After six months in residence, she’s calling the shots. When her food bowl is empty, she sits next to it, politely but firmly pinning me with a laser-like look until we replenish it. After an outing to the garden, she stands on the window-ledge staring with the intensity only a cat can muster until we open the window to let her in. Seated companionably in the sitting room of an evening, her eyes follow us proprietorially around the room. We should have called her Mona Lisa.
But what will happen when we go away to Scotland in the summer? I worry that, thinking we’ve abandoned her, she’ll move on in search of a more dependable home. I could send her to a cattery for the duration, but a cat with a huge rural territory would not enjoy a fortnight penned indoors. Even with a kind friend happy to feed her while we’re away, it’s a tough call.
Or so I thought until this morning. After despatching husband and daughter on the school run, I was standing quietly in the utility room, enjoying a calming cup of tea before work. Dorothy Purrkins sauntered confidently past my feet, heading for the cat flap. Strolling leisurely up the garden path, she chose the best vantage point before settling down on the lawn, surveying her territory. She was a tortoiseshell Monarch of the Glen. Spoiled for choice by the many pleasurable opportunities that the garden held in store, she lay quietly considering her options. Snooze in the hammock in the shade? Warm up with a sunbathe in the greenhouse? Gaze at bits of blossom falling from the fruit trees? Chase butterflies fluttering around the gooseberry bush? Sprawl on the patio, absorbing the sun’s heat stored in the stone paving slabs?

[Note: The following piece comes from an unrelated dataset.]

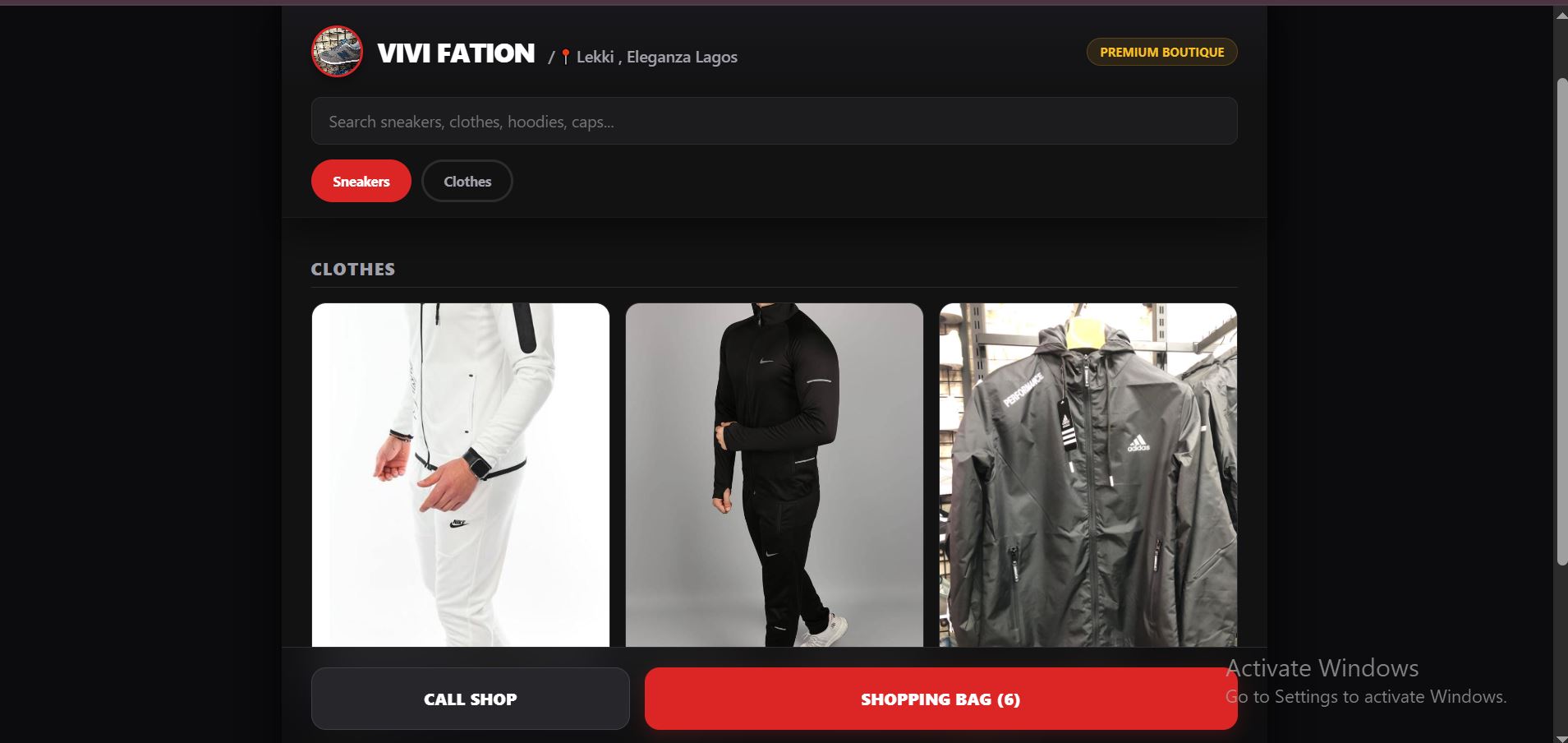 Dark fashion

Whatever was on her agenda, Dorothy Purrkins looked utterly contented with the prospect. And so my decision was made: for her it will be a holiday at home. In fact, I might even join her. Who needs travel anyway?
This post was originally published in the Tetbury Advertiser, July 2013
If you liked this post, you might enjoy:
- the story of Dorothy Purrkins’ arrival: Enter the Snow Cat
- my daughter’s Search For The Perfect Pet
- the notion of Garden Birds As The Perfect Pets
6 thoughts on “Where Do Cats Go For Their Summer Holidays?”

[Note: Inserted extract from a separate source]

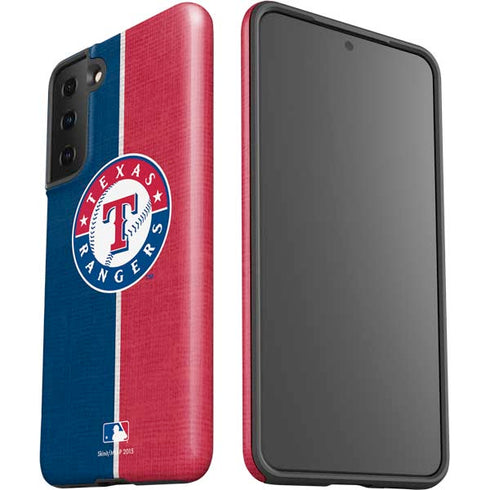 MLB Texas Rangers Split Galaxy S21 Plus 5G Pro Case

I just love how animals ‘find’ us and then become so much a part of our household you’d think they’d always been there. I think everyone should have a furry creature in their home. It’s a strategy for world peace. Dorothy’s gorgeous, and she’s lucky to have found you and your family.
I consciously didn’t seek one out, despite wanting to have a cat again; I knew if I waited long enough one would find me! I think you’re on to something with world peace there, by the way – Dorothy is definitely a calming influence in our household!

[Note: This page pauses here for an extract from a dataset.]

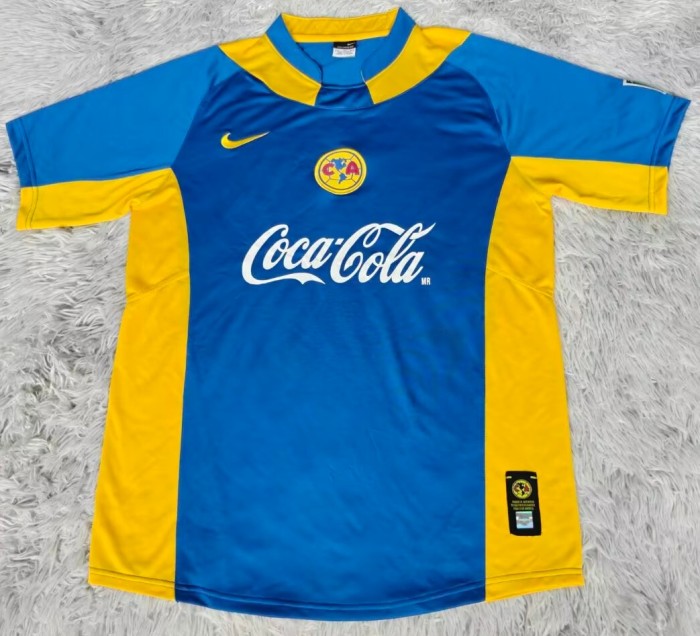 2005-2006 Club America Away Retro Soccer Jersey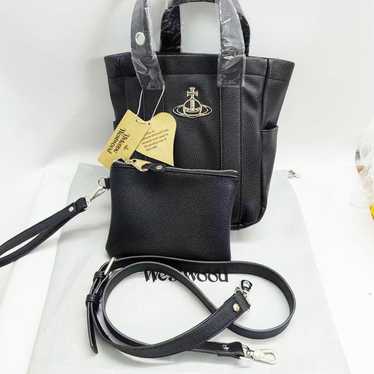 Vivienne Westwood Hand Tote Bag with Mini Bag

I think of the oportunity you provide for someone to learn how to have a cat….without the long term commitment…
We have the same problem with The Toof, Debbie. We’ve now had him 7 years and we are both totally under the paw. We used to take him with us when we had a camper van but since we sold it we now only go out for days or I leave the husband at home to look after him when I go to my son’s.
It is getting beyond a joke and we need to learn to take him to a cattery. We left him in one once to go away to a funeral and he looked so cowed and beaten that we haven’t been able to do it since.
And it’s just as hard to leave him home alone with a neighbour feeding him as he is such a people person he just goes next door and moves in with them!
A house sitter is the answer I think …
I know where you’re coming from,Angela – sometimes it does feel like the cats own us, rather than the other way around! Can’t imagine your cat ever leaving home though if you go away – it sounds like he has got you too well trained to easily replace you!
Gorgeous cat, super post.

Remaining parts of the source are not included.